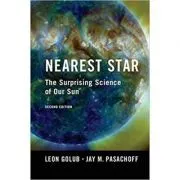Nearest Star: The Surprising Science of our Sun de Leon Golub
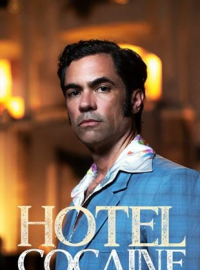 voir serie Hotel Cocaine saison 1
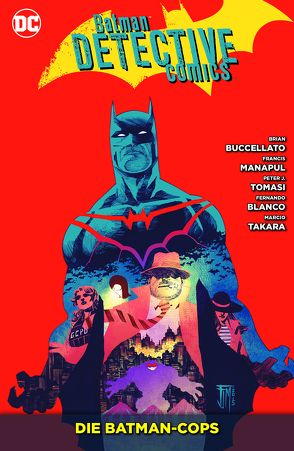 Batman – Detective Comics von Blanco,  Fernando, Buccellato,  Brian, Kruhm,  Ralph, Kups,  Steve, Manapul,  Francis, Takara,  Marcio, Tomasi,  Peter J.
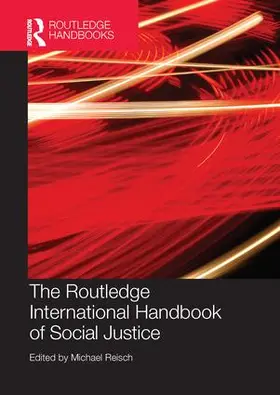 Reisch | Routledge International Handbook of Social Justice | Buch | 978-1-138-69045-5 | sack.de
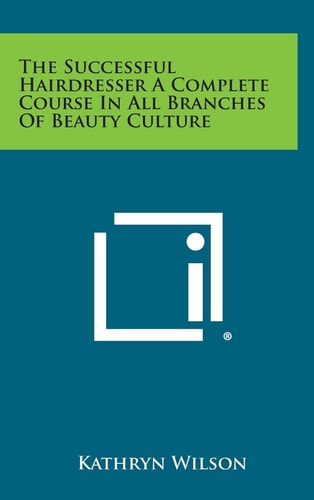 The Successful Hairdresser a Complete Course in All Branches of Beauty Culture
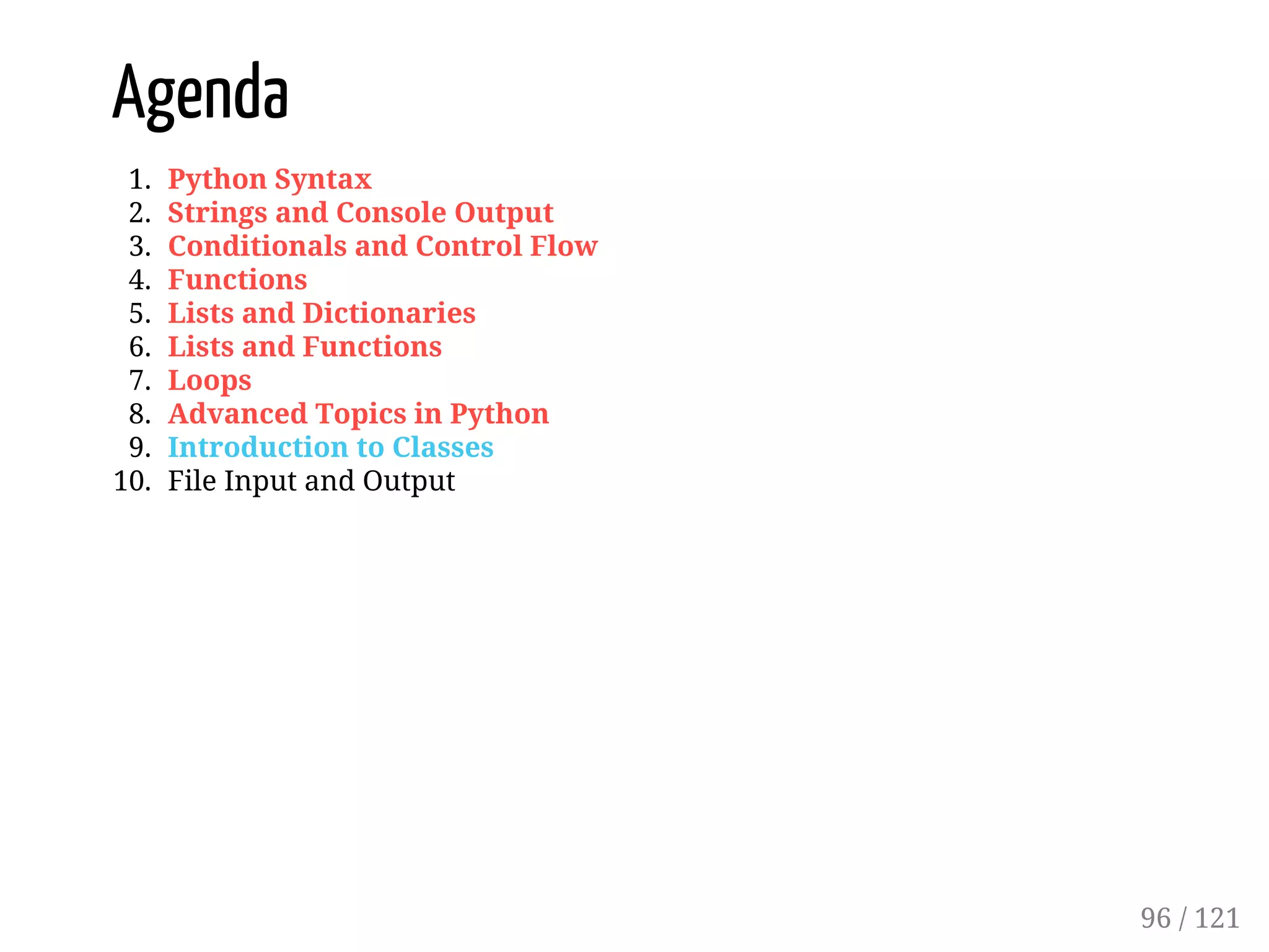 Agenda
1. Python Syntax
2. Strings and Console Output
3. Conditionals and Control Flow
4. Functions
5. Lists and Dictionaries
6. Lists and Functions
7. Loops
8. Advanced Topics in Python
9. Introduction to Classes
10. File Input and Output
96 / 121
 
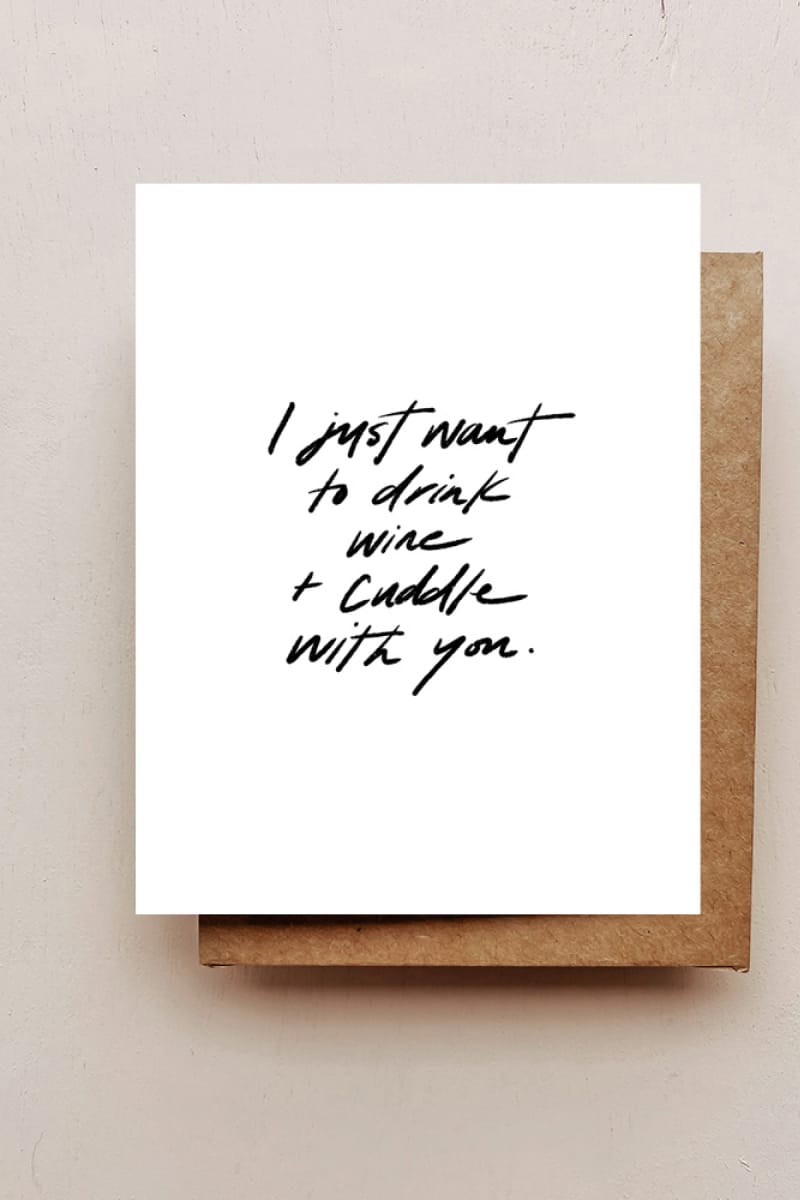 I just want to drink wine + cuddle with you Card - Greeting & Note Cards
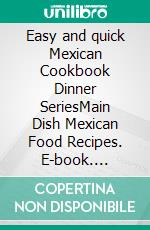 Easy and quick Mexican Cookbook Dinner SeriesMain Dish Mexican Food Recipes. E-book. Formato EPUB ebook di PJ CHIEF MASTER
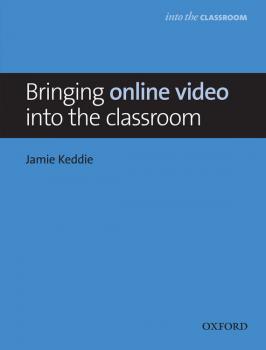 Читать Bringing online video into the classroom - Jamie Keddie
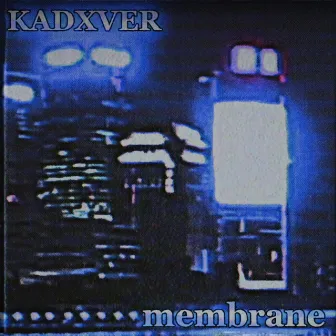 MEMBRANE by KADXVER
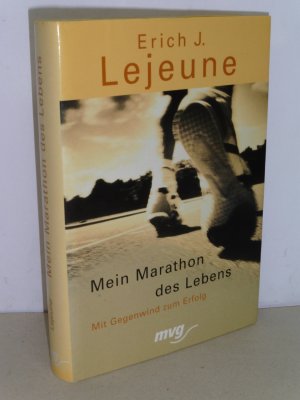 Mein Marathon des Lebens. - Mit Gegenwind zum Erfolg.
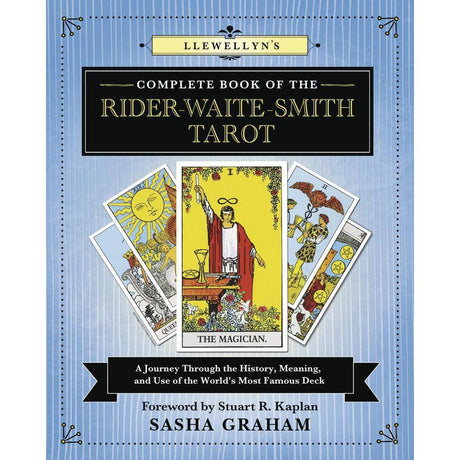 Llewellyn's Complete Book of the Rider-Waite-Smith Tarot by Sasha Graham - Magick Magick.com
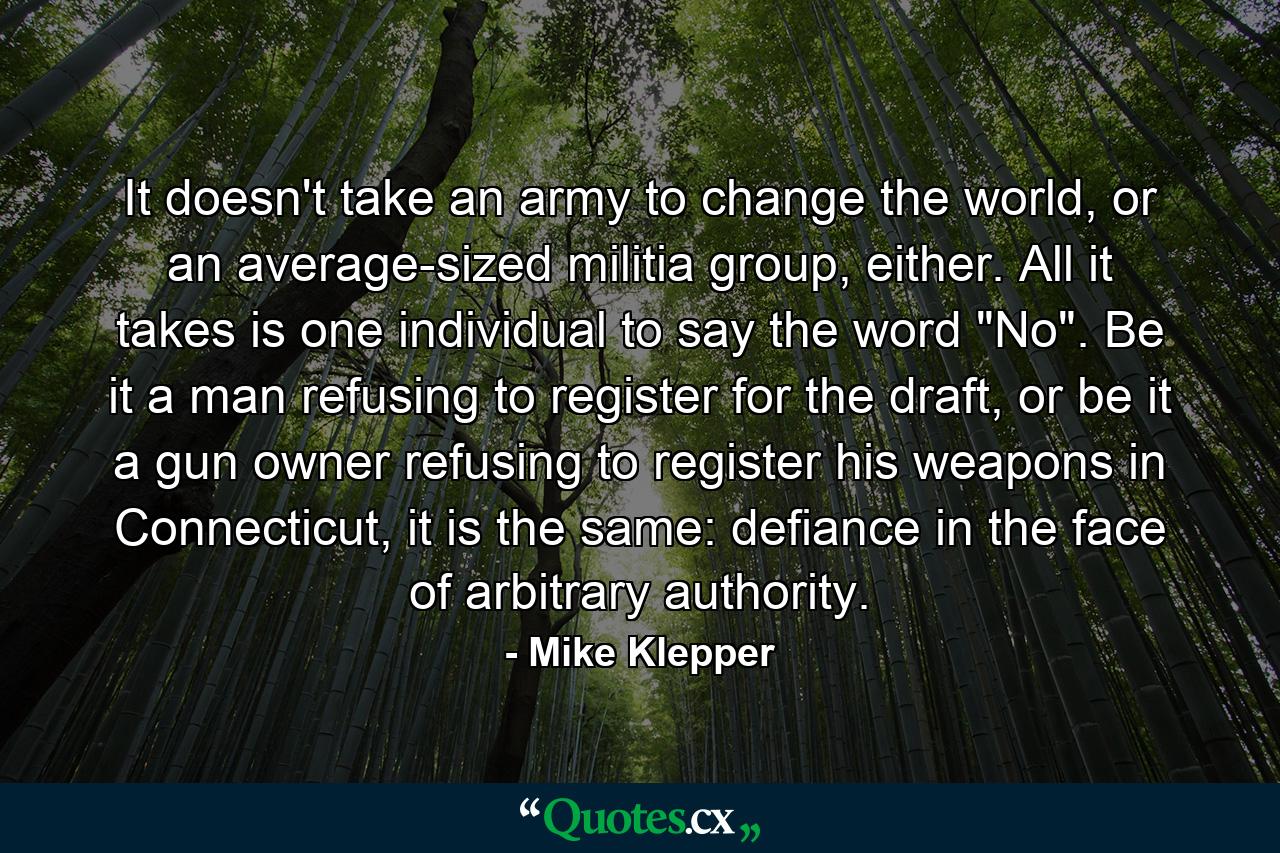 It doesn't take an army to change the world, or an average-sized militia group, either. All it takes is one individual to say the word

=====

#### [To do]
Nothing but a number, please: how many lines of the listing hold the word "Python"?

#### [Response for this exercise]
2